Alrededor de 120 días faltan para aprobar el último Presupuesto. El documento más importante de cualquier gobierno. El testamento económico de Gabriel Boric. Y será escrito por el dúo del déficit, Grau y Javiera Martínez, aquella que fue elevada a la categoría de “mejor directora de Presupuestos de la historia”, a pesar de no achuntarle a ninguna proyección de ingresos. Dos amigos, dos camaradas, dos experimentados en militancia, no en economía. ¿Resultado? El Presupuesto no será un instrumento de orden fiscal, sino la expresión de una irresponsabilidad que consolida el déficit, posterga las reformas urgentes y profundiza el estancamiento económico estructural que ya arrastra Chile.

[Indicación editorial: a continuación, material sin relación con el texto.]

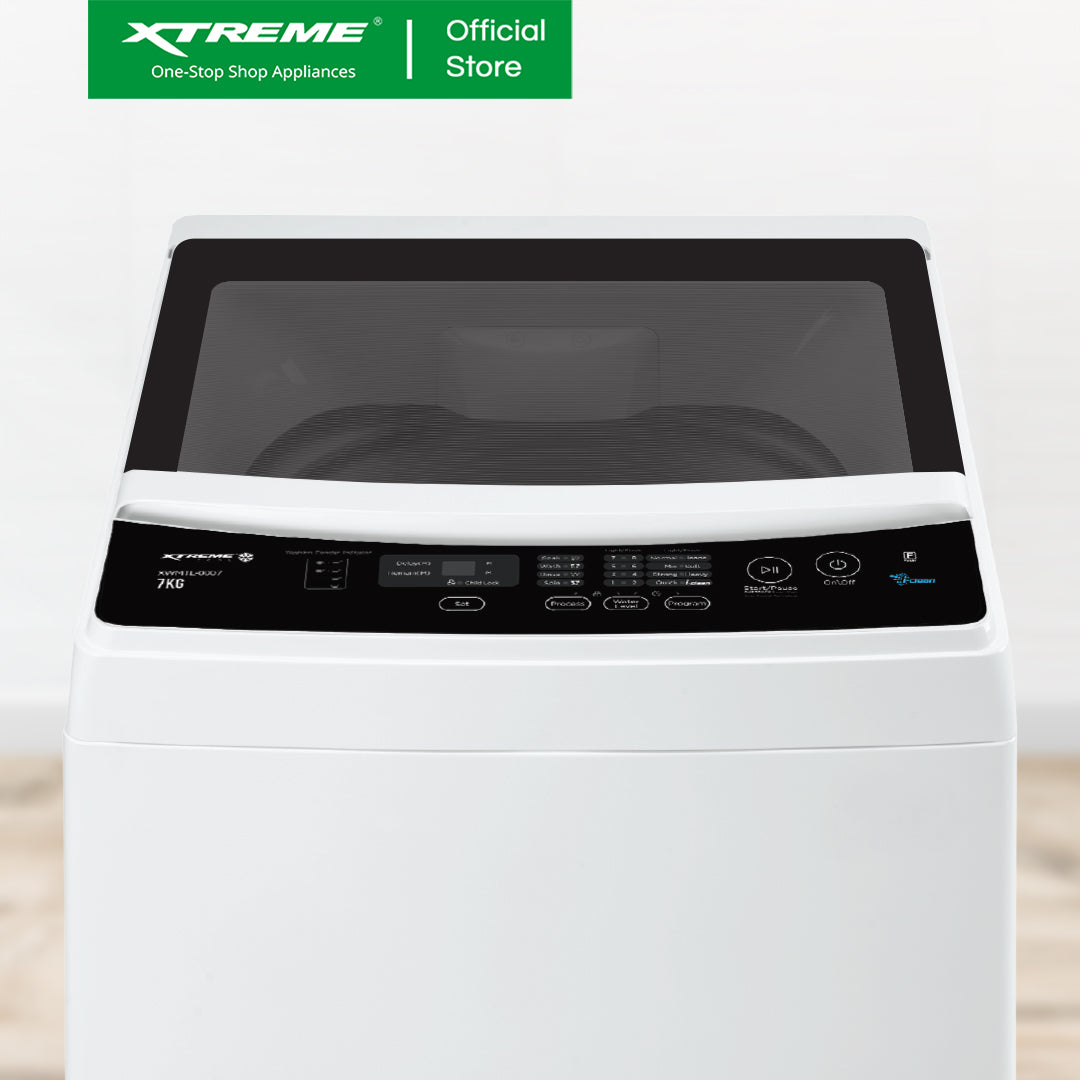 X-SERIES 7KG Top Load Automatic Washing Machine w/ Spin Dry (Black Cover) | XWMTL-0007BX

El contraste es evidente. El Presidente podía haber nombrado a la subsecretaria Berner, una profesional de bajo perfil, con conocimiento del sistema presupuestario, con experiencia en Desarrollo Social y en Hacienda. Podía dar una señal de sobriedad. Y optó por lo contrario: por el amiguismo, por la complicidad ideológica, por un ministro que carece de la credibilidad mínima que el cargo exige.

La ironía es que el Presidente parece no advertirlo. Piensa, quizás, que la amistad basta para suplir la pericia; que la confianza personal es equivalente a la técnica; que el Estado puede administrarse como una asamblea universitaria. Y así, el 120 se transforma en una cifra cargada de símbolos. Es probable que, en el futuro, cuando se recuerde este gobierno, no se hable de sus reformas inconclusas ni de sus discursos grandilocuentes, sino de su capacidad para confundir la seriedad del Estado con la improvisación del activismo estudiantil. Y entonces, el número 120 aparecerá como el epígrafe perfecto: la cifra que reúne, en una sola secuencia, la frivolidad, la incompetencia y la ligereza con que se ejerció el poder.

Al menos, hay una buena noticia: quedan 120 días para elegir a un nuevo Presidente. En poco más de un trimestre, Chile deberá decidir si persiste en el desorden, el amiguismo y la improvisación, o si recupera la seriedad, el mérito y el respeto que el Estado exige. Nicolás Grau no tendrá tiempo de aprender en lo que ha fracasado por décadas; no descubrirá en 120 días la diferencia entre una caja fiscal y una caja de cerveza. Pero el país sí tendrá la oportunidad de recordar que el 120 no solo es la dirección de un ministerio, ni la cifra de un despropósito: puede ser también el conteo regresivo hacia el final de un gobierno que nunca supo gobernar.